If you have extremely elevated blood pressure when hospitalized, you may be given medication intravenously to lower your blood pressure. Anti-hypertensive medications proven safe for intravenous use during pregnancy include hydralazine (Apresoline) and labetalol (Normodyne, Trandate). These drugs also help prevent cerebral hemorrhage (bleeding of the brain), which is a complication of severe preeclampsia and eclampsia. You may need to receive oxygen as well, which will maintain your blood oxygen saturation.
Urine and blood tests detect abnormalities associated with severe preeclampsia and eclampsia, including:
- increased protein in the urine;
- elevated blood cell count (specifically the hematocrit level);
- elevated blood levels of proteins (such as lactate dehydrogenase);
- elevated transaminase levels (liver enzymes);
- elevated uric acid levels;
- decreased blood platelet count; and
- alterations in blood clotting factors.
Your doctor will also determine whether you have developed HELLP syndrome, a variant of severe preeclampsia, characterized by:
- hemolysis (destruction of red blood cells);
- elevated liver enzymes (indicative of liver damage); and
- low blood platelet levels (indicative of impaired blood clotting, which can cause problems during and after labor).

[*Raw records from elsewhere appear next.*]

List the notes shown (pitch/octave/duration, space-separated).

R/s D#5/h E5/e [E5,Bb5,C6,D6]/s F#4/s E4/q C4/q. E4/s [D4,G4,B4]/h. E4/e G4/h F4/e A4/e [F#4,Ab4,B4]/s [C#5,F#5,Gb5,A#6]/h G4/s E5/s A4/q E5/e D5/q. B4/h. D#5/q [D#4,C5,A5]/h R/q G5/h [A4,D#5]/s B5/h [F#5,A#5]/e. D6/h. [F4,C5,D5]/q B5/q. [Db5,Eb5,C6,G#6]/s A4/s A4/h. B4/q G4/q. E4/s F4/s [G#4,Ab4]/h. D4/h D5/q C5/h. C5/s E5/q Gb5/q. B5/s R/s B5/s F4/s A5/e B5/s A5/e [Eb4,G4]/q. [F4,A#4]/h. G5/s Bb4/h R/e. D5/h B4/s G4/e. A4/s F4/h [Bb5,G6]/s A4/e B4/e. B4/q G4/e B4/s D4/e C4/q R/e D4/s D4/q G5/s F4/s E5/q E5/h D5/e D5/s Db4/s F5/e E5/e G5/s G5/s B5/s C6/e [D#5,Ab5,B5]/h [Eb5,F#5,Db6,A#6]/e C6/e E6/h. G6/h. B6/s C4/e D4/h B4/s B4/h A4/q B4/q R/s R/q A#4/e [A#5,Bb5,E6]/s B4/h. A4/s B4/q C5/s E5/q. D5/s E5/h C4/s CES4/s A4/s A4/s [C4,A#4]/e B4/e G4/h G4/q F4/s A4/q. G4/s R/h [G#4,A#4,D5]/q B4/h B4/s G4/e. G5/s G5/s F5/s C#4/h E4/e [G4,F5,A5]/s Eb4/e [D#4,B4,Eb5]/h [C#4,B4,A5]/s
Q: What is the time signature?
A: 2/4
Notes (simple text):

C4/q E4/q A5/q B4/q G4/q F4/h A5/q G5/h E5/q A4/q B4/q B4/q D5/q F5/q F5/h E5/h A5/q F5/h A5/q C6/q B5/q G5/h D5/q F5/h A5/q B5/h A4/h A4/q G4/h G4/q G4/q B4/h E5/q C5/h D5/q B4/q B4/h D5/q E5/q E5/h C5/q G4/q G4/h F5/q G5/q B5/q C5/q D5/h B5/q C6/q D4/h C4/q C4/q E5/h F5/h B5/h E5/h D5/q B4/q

These findings indicate abnormal liver or kidney function, among other conditions.
Your treatment depends on the extent of your symptoms, your blood pressure, laboratory findings, whether you are experiencing organ failure, and how near to term you are. If you have eclampsia or HELLP Syndrome (or both), the standard course of action is to deliver the baby-either vaginally or by caesarean section-as soon as your condition is stable and the seizures have ceased. Delivery is usually associated with reversal of laboratory abnormalities and normalization of organ function.